It has been a great week on the hypocrisy front. A couple of high points:
The hypocrisy of the apparatchiks: Joe Nocera amplifies some of the points I made in my column. The determination of the Republicans on the crisis commission to lay the blame on Fannie and Freddie flies right in the face of the evidence; and Nocera also adds some information on the curious switch of positions taking place. A few years ago the same people now attacking F&F for promoting loans to low-income borrowers were attacking F&F for … not promoting loans to low-income borrowers. Back then they castigated F&F by pointing to the fact that private lenders were making loans where the agencies refused to tread, now they say that it was F&F that lured the private sector into making those very same loans.

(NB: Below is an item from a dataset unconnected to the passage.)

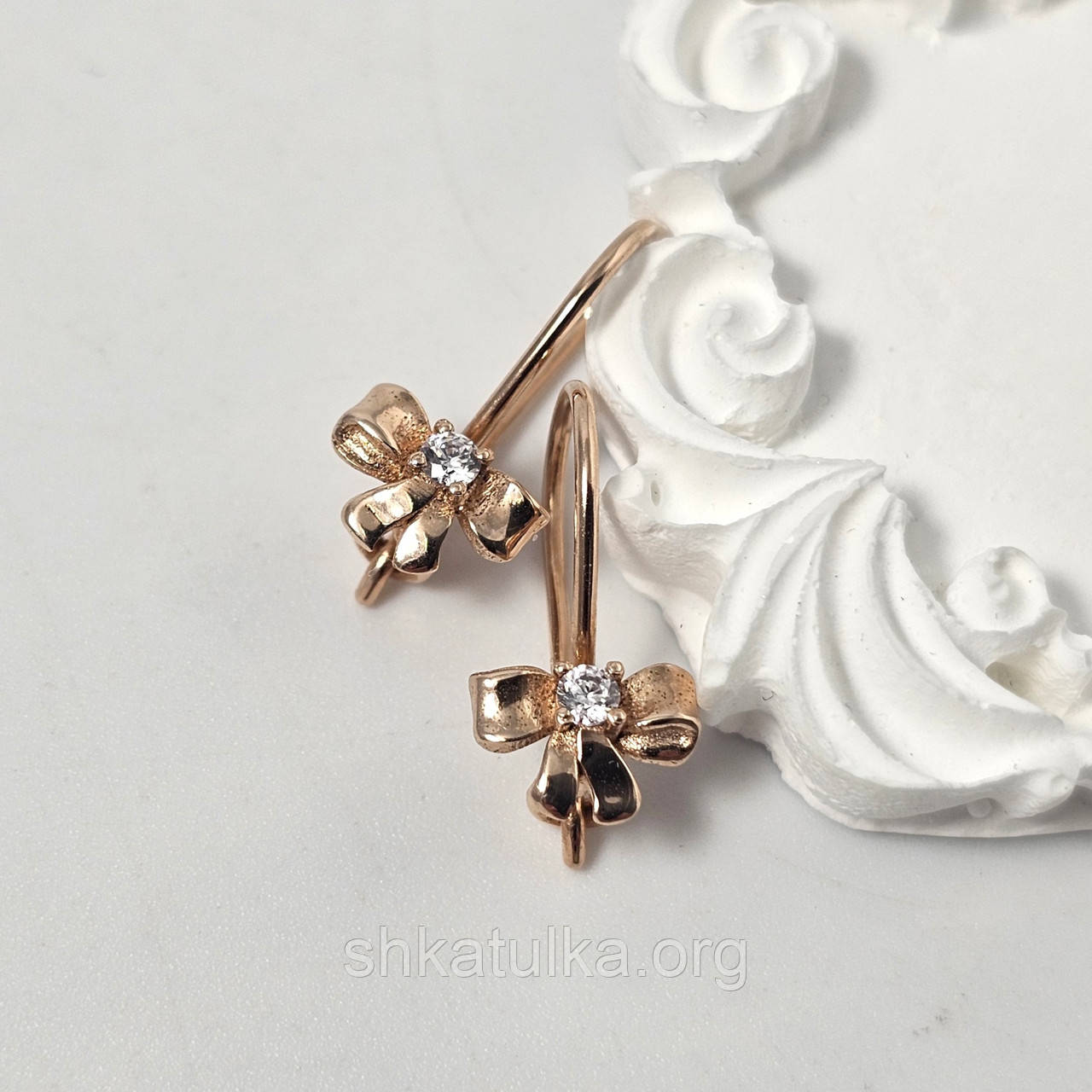 Сережки золоті з бантиками та круглими білими фіанітами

Whatever. It must be the government’s fault, because, you know, because.
The hypocrisy of the centrists: Just two weeks ago, the deficit was the great evil, and all the VSPs insisted that we needed fiscal austerity now now now. Then, magically, a big tax cut — increasing federal debt by more than the original Obama stimulus, and substantially raising the probability of making unaffordable tax cuts permanent — was the greatest thing since sliced bread.
Why, it’s almost as if all the concern about the deficit was a front for opposing anything progressives might want, to be dropped as soon as debt was being run up on behalf of conservative goals. But that can’t be true, can it?
In a way, I almost welcome the frankness of someone like Ron Paul, who tells us that there’s no need for any kind of bank regulations. It’s crazy, of course — even Adam Smith called for bank regulations, comparing them to building regulations designed to prevent the spread of fires. But at least the guy’s consistent. - Paul Krugman
Is Grammarly Turning Me Into A Cyborg?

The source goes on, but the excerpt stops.